Pilu Anak-anak Ukraina ‘Dipaksa’ Dewasa Gegara Invasi Rusia

Pilu Anak-anak Ukraina ‘Dipaksa’ Dewasa Gegara Invasi Rusia

tribunwarta.com – Nasib anak-anak di Ukraina memprihatinkan. Psikolog menilai anak-anak itu dipaksa dewasa di tengah invasi Rusia ke negaranya.

Dalam laporan AFP yang dilansir, Rabu (28/12/2022), kontributor AFP bertemu dengan sejumlah anak-anak di Lyman –salah satu kota di Ukraina–, salah satunya bernama Gleb Petrov (14). Dia adalah satu-satunya anak belasan tahun di situ.

Gleb mengaku tak memikirkan masa depan. Mimpinya sederhana, dia ingin berjalan-jalan dengan teman layaknya anak seusianya.

“Aku tak terpikirkan soal masa depan,” ucapnya pada AFP.

“Aku bahkan tak tahu apa yang akan terjadi dalam sejam atau sehari ke depan,” imbuh Gleb.

Waktu Gleb dihabiskan untuk merawat para lansia serta salah satu kucing hitam yang juga tinggal di sana. Terkadang dia membaca buku-buku yang seharusnya untuk orang dewasa atau ketika ada aliran listrik dirinya memilih bermain dengan ponselnya.

Ketika ditanya soal mimpi terbesarnya, dia mengaku hanya ingin jalan-jalan dengan teman.

Lusinan anak bertahan di Bakhmut sebab para orang tuanya tak mampu atau tak ingin meninggalkan kota itu. Katherina Soldatova, salah seorang relawan, menyebut bila para anak-anak di sini dipaksa menjadi dewasa.

“Mereka didewasakan keadaan,” ucap Soldatova.

Menurutnya, akses ke lokasi itu sangat berbahaya bahkan baru-baru saja ada 2 warga yang tewas saat menuju ke sana. Tapi itu sudah menjadi jalan hidup bahkan bagi seorang bocah 12 tahun bernama Volodymyr yang memberitahu AFP bila dirinya hanya akan pergi dari situ untuk mencari makan.

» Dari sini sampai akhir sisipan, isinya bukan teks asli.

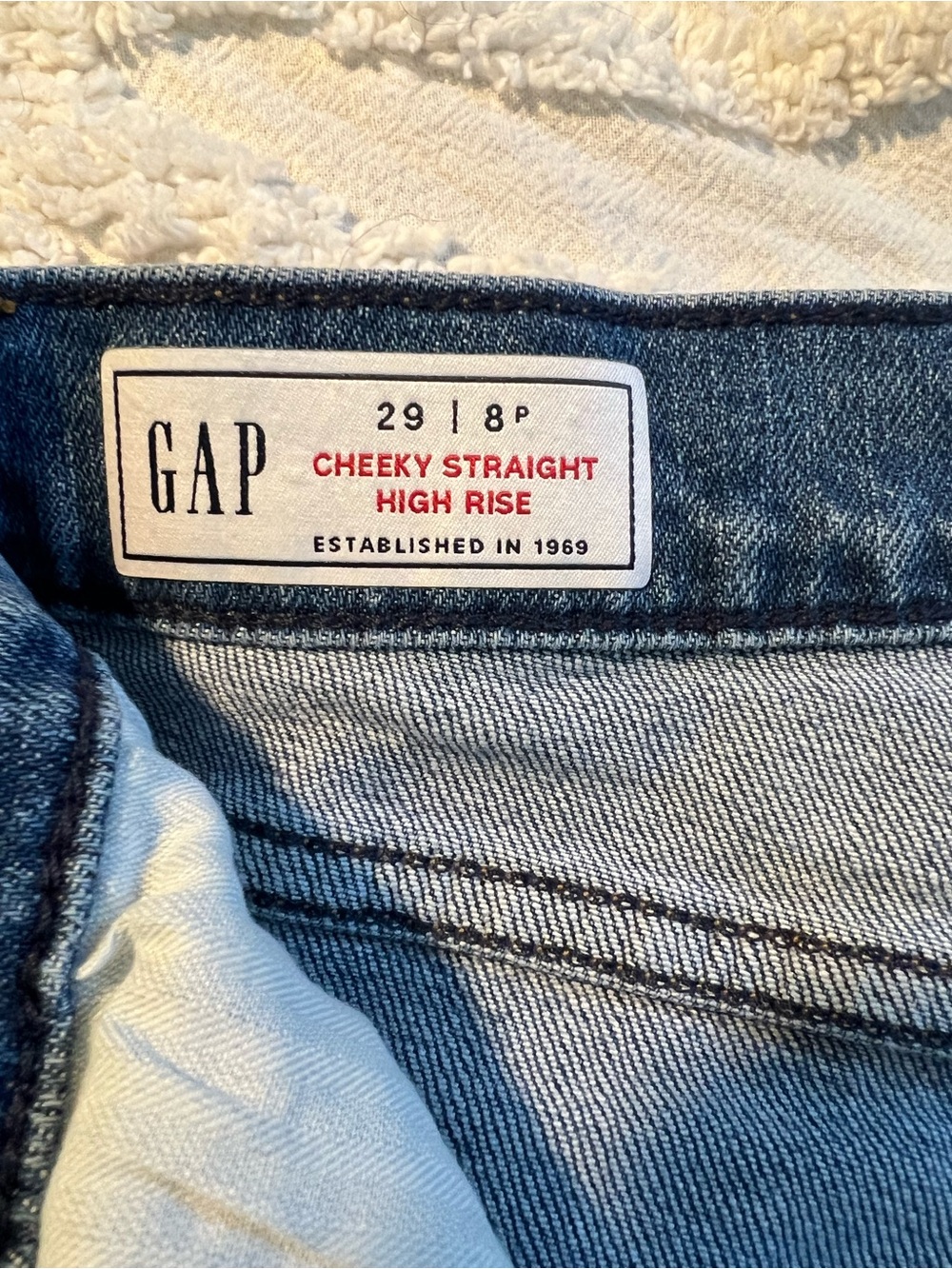 GAP Cheeky Straight High Rise Jeans - Light Blue Wash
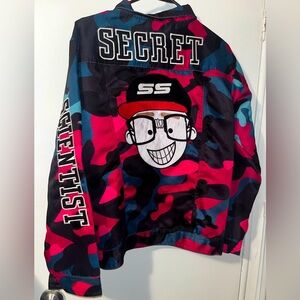 SECRET SCIENTIST NWOT Pink Blue Black Camouflage Longsleeve Buttondown Jacket XS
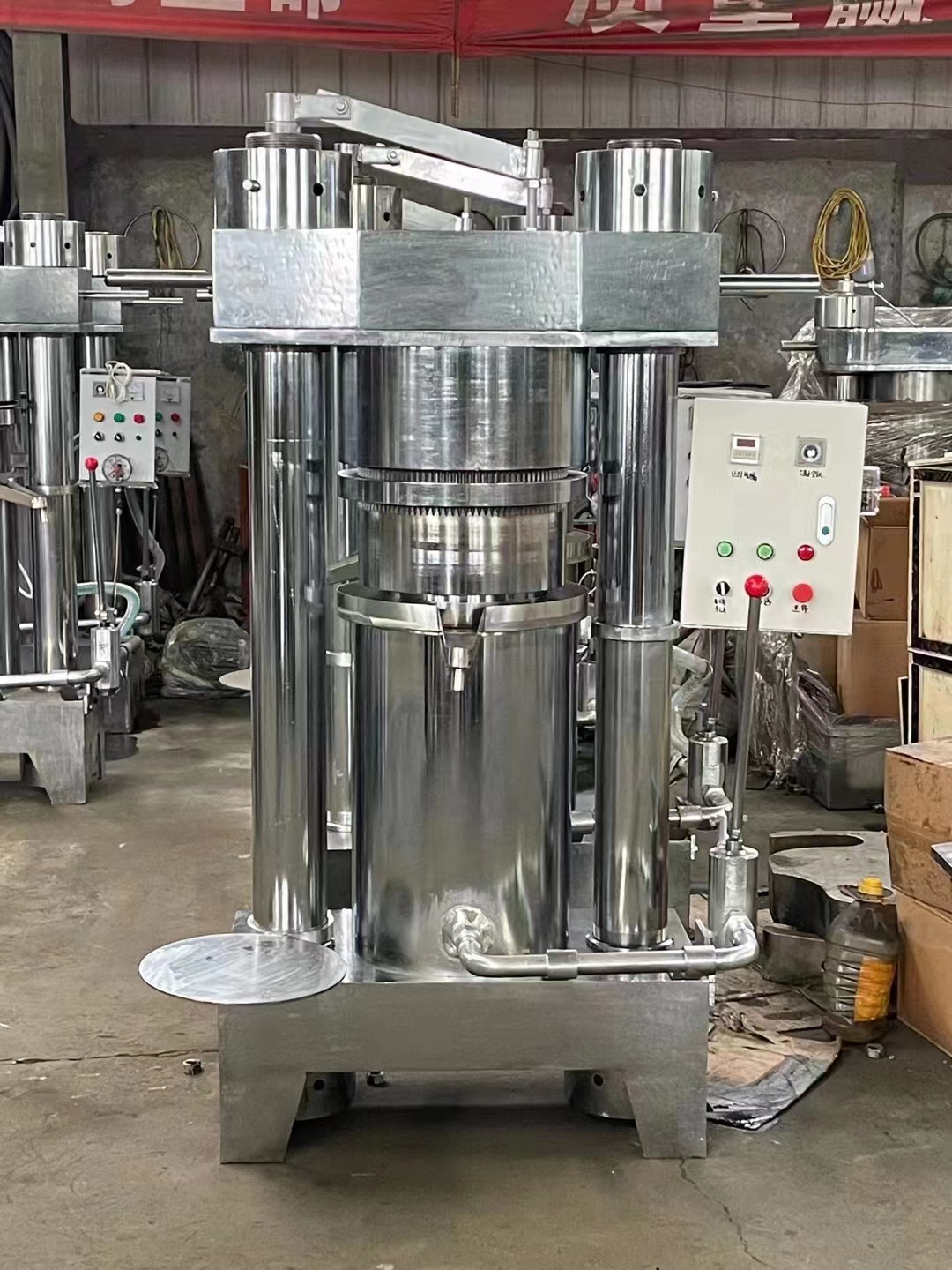 Jiuqing stainless steel hydraulic vertical sesame oil press equipment for peanut and sesame oil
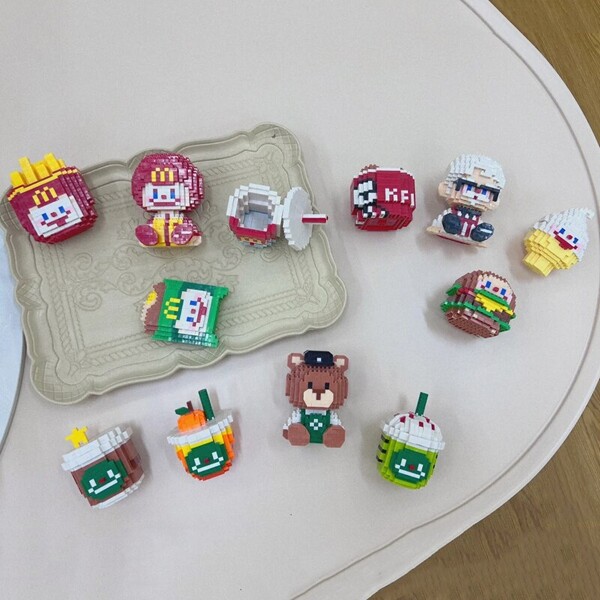 PN 6030-6032 Food Cola Drink Hamburger Ice Cream Coffee Milk Tea Bear Doll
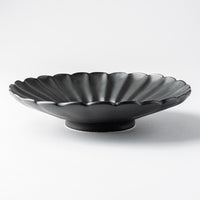 yoshida pottery 輪花皿 大人black yoshida pottery 陶磁器作家もの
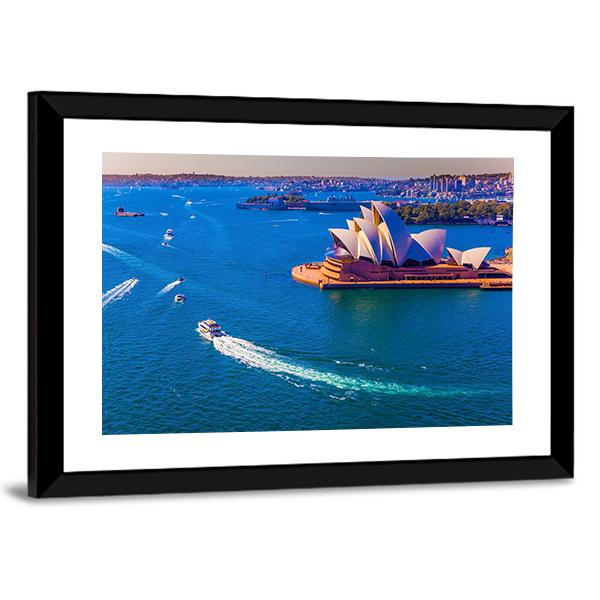 Magnificent Sydney Harbor Canvas Wall Art-1 Piece-Framed Print-20" x 16"-Tiaracle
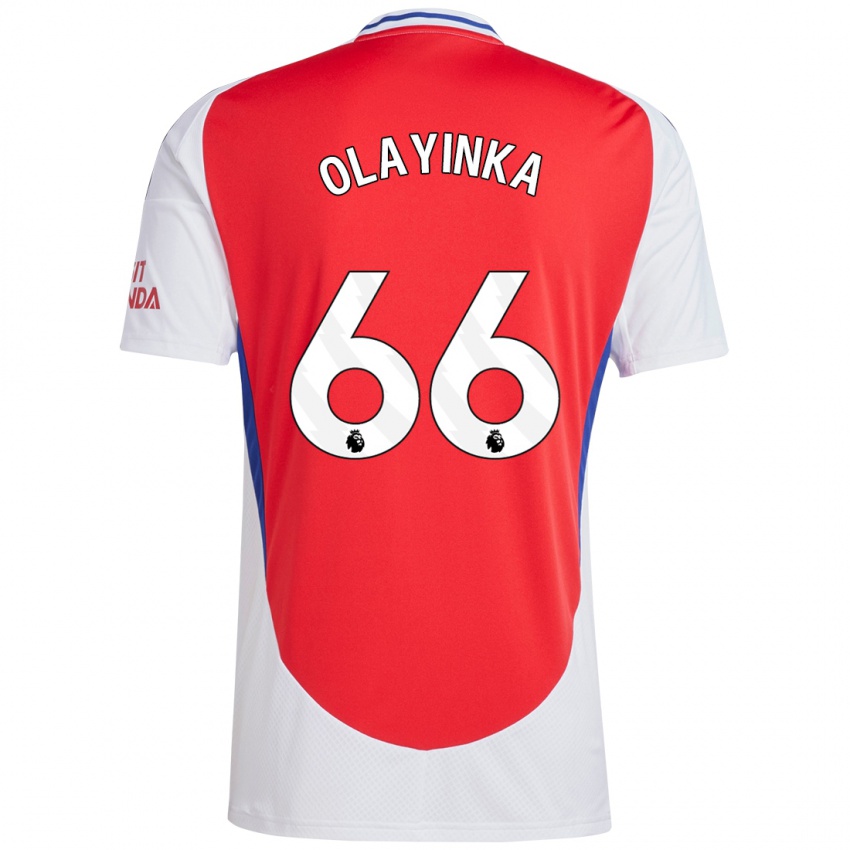 Niño Camiseta James Olayinka #66 Rojo Blanco 1ª Equipación 2024/25 La Camisa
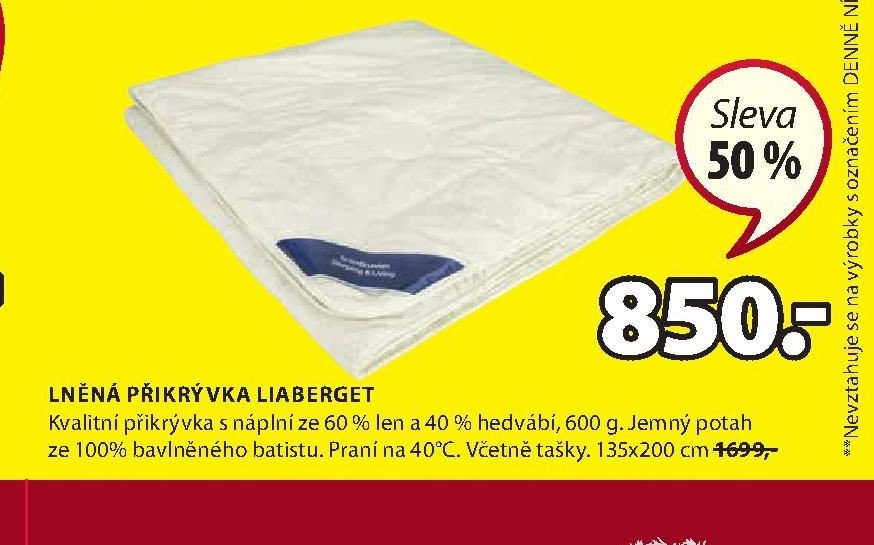 LNĚNÁ PŘIKRÝVKA LIABERGET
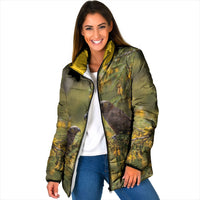New Zealand Kaka Bird Padded Jacket Kowhai Flower Landscape Style LT22 Women Green - Polynesian Pride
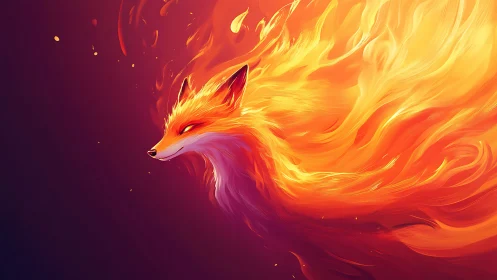 Fiery fox spirit streaks through darkness in blazing motion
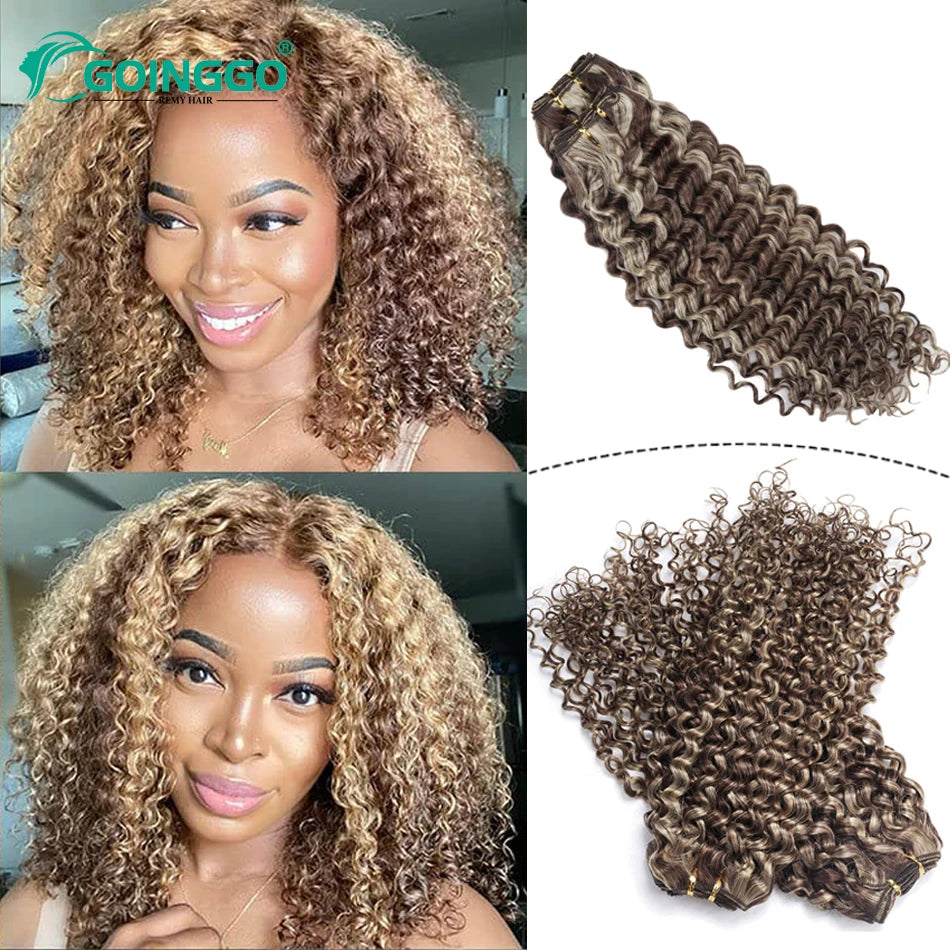 Kinky Curly Human Hair Weft Extensions P4 27 Hair Bundles Brazilian Hair Ombre Brown Blonde Honey Blonde 100g 1Pc 22 24 26Inch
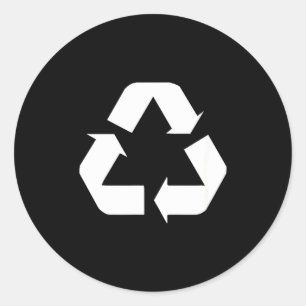 Classic green-white recycle sign design standard round sticker
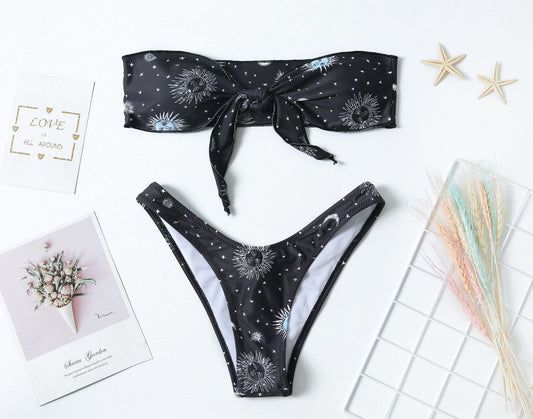 Printed split tube top bikini sets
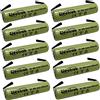 Electron 10x Batteria ricaricabile Ni-Mh ministilo mini stilo AAA 1,2V 600mAh con linguette lamelle terminali a saldare per pacco pacchi batteria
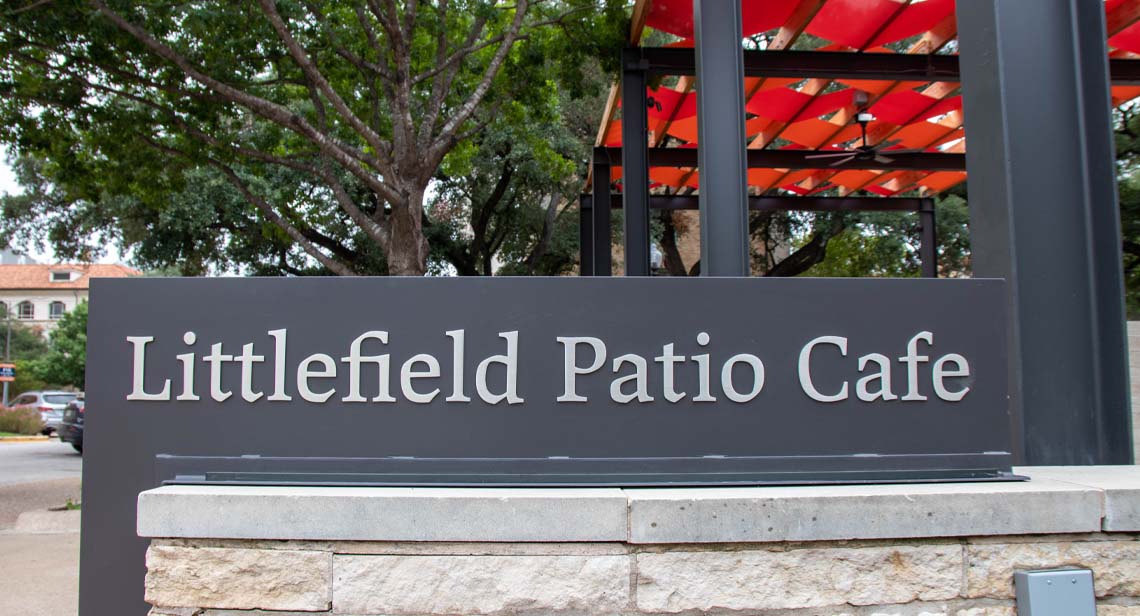Friday Kickoff - Littlefield Patio Cafe sign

Anak lainnya yang ditemui AFP bernama Lisa Shtanko berusia 8 tahun. Lisa bersama sedikit anak-anak lainnya tinggal di kota-kota yang dihancurkan Rusia.

Di tempatnya tinggal hampir tidak ada mesin penghangat maupun aliran listrik seolah menambah kesepian bagi Lisa yang telah ditinggal banyak teman sebayanya. Lyman jadi salah satu kota di wilayah Donetsk yang kerap digempur Rusia, termasuk salah satu serangan yang baru saja terjadi di dekat rumah Lisa.

“Moodku sedang tak bagus hari ini karena penembakan itu,” ucap Lisa pada AFP saat ayah Lisa, Viktor Shtanko, ikut menyaksikan.

Kampung halaman keluarga Shtankos di Lyman sudah 4 bulan terakhir diduduki Rusia dan yang tertinggal kini hanya puing-puing. Hutan di sekeliling kota pun saat ini bersalin rupa menjadi ladang ranjau. Lyman kini sudah kembali dikuasai pasukan Ukraina sejak Oktober lalu meski pertempuran terus berlanjut di sekitar kota itu.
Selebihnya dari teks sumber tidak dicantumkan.